### Exercise data
====================

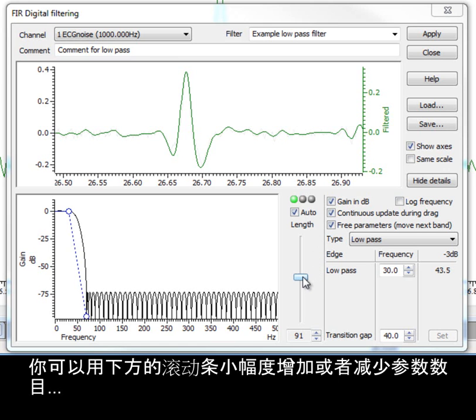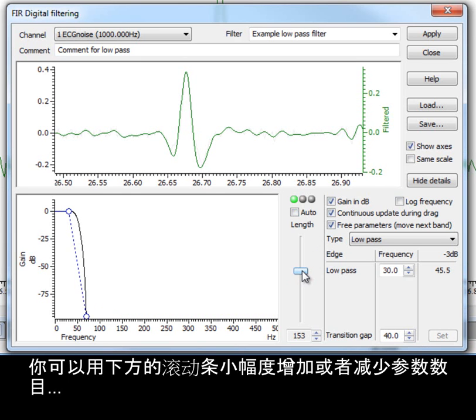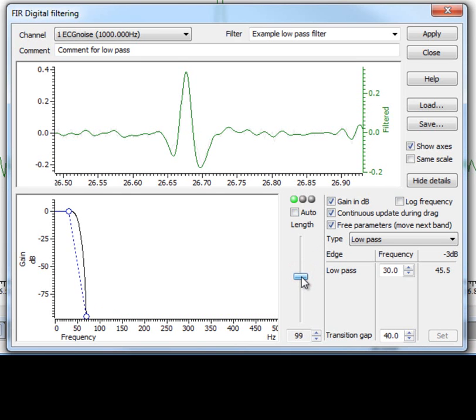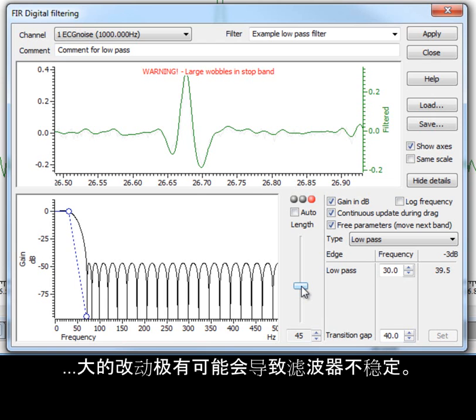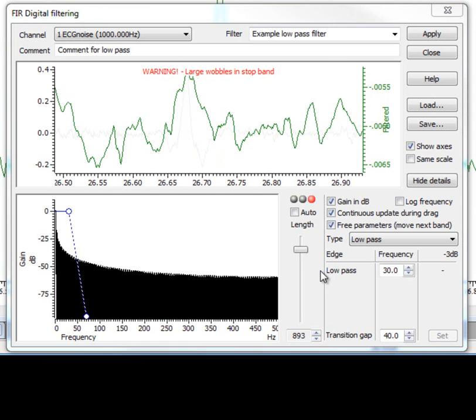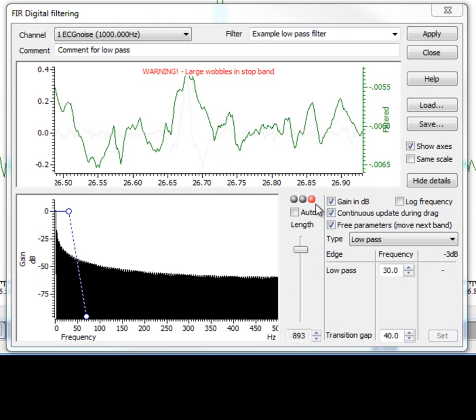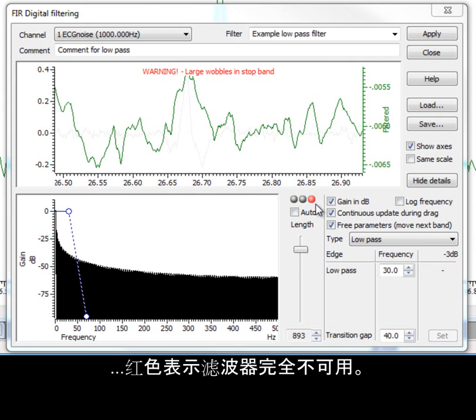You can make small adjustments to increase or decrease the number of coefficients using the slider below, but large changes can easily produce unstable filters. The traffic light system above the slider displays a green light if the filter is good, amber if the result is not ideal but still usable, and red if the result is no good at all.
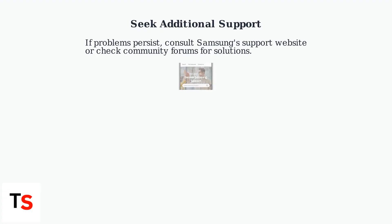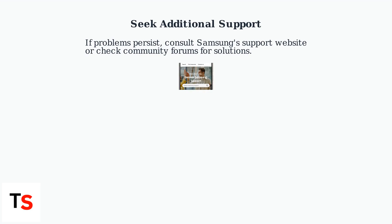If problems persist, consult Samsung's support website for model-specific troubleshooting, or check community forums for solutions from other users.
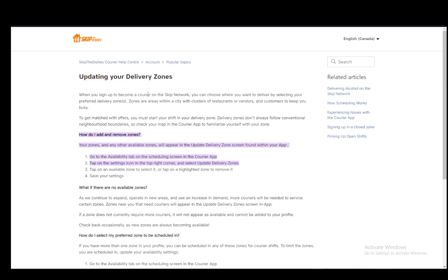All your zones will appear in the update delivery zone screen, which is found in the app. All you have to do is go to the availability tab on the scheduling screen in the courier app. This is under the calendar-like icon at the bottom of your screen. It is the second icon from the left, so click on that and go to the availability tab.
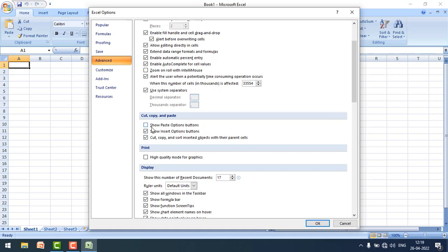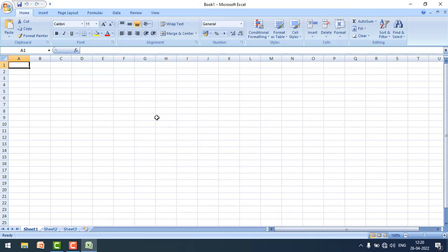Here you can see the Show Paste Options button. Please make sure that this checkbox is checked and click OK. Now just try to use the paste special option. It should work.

====================

### Activity
Recreate the listing above word for word, dropping each picture it contains.

### Result of this task
You can make small adjustments to increase or decrease the number of coefficients using the slider below, but large changes can easily produce unstable filters. The traffic light system above the slider displays a green light if the filter is good, amber if the result is not ideal but still usable, and red if the result is no good at all.
If problems persist, consult Samsung's support website for model-specific troubleshooting, or check community forums for solutions from other users.
All your zones will appear in the update delivery zone screen, which is found in the app. All you have to do is go to the availability tab on the scheduling screen in the courier app. This is under the calendar-like icon at the bottom of your screen. It is the second icon from the left, so click on that and go to the availability tab.
Here you can see the Show Paste Options button. Please make sure that this checkbox is checked and click OK. Now just try to use the paste special option. It should work.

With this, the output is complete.